It’s recommended that we begin with our estate planning efforts as soon as possible. After all, we don’t know what life could bring — it’s always best to be prepared. Estate planning documents like wills and revocable trusts can be created at any point of a person’s life. But they should also be updated regularly to reflect new goals and changes in circumstances.

Sometimes, a person could have a revocable trust and realize that they want to revoke it later. This can happen if they no longer want their assets to be part of the family entity. It’s possible to revoke a revocable trust through a revocation of revocable trust document.

How to Revoke a Revocable Trust

In order to revoke a revocable trust, one has to create a revocation of revocable trust. This is a document that declares the revocation and lists the specific name, date, and amendments to the trust. By filing a revocation document, the revocable trust will no longer exist.

It sounds simple when put that way. But what if a revocable trust has assets in it? These assets need to be taken out of the family entity. So when a revocation document is filed, the person revoking should take care to remove all the assets from the trust.

In cases of real estate properties that are in the trust, they have to create a real estate deed to rename the owner and get the property out of the trust. It’s the same case with bank accounts and life insurance policies. These documents need to be updated to make sure that the trust is no longer listed as the pay on death beneficiary.

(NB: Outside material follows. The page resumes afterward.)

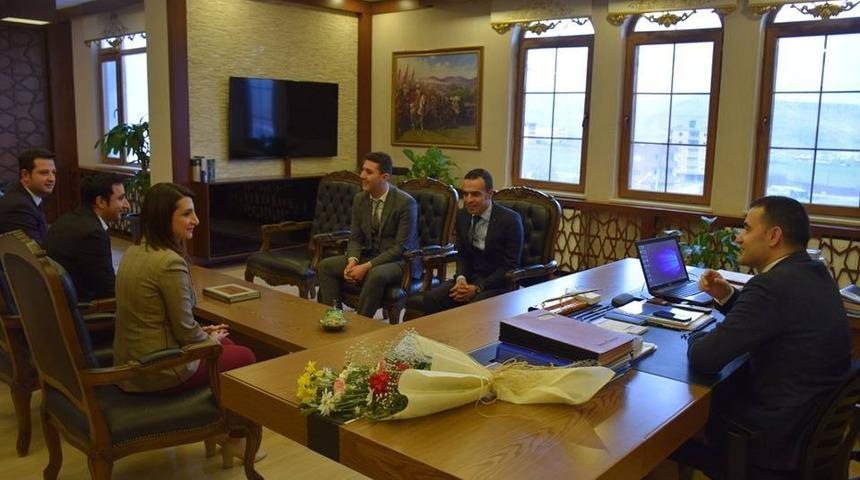 Kaymakam Osman Bilici&rsquo;ye Vergi Haftası ziyareti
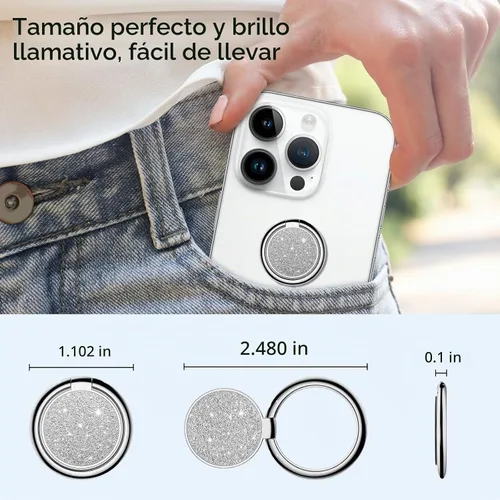 Vista 8 de Syncwire Soporte de anillo para teléfono celular, soporte de anillo de dedo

If these documents are not updated and the assets are not taken out of the trust, it can cause problems in the long run. Looking at it this way makes revoking a revocable trust a much harder process. And this is why it’s not common for people to revoke their trust.

What If You Don’t Revoke a Trust?

People typically don’t revoke a trust so that they don’t have to worry about the assets in it. And this is a more practical solution. What can be done instead is changing the trust beneficiaries on the beneficiary designation forms to make sure that the assets go to the intended people.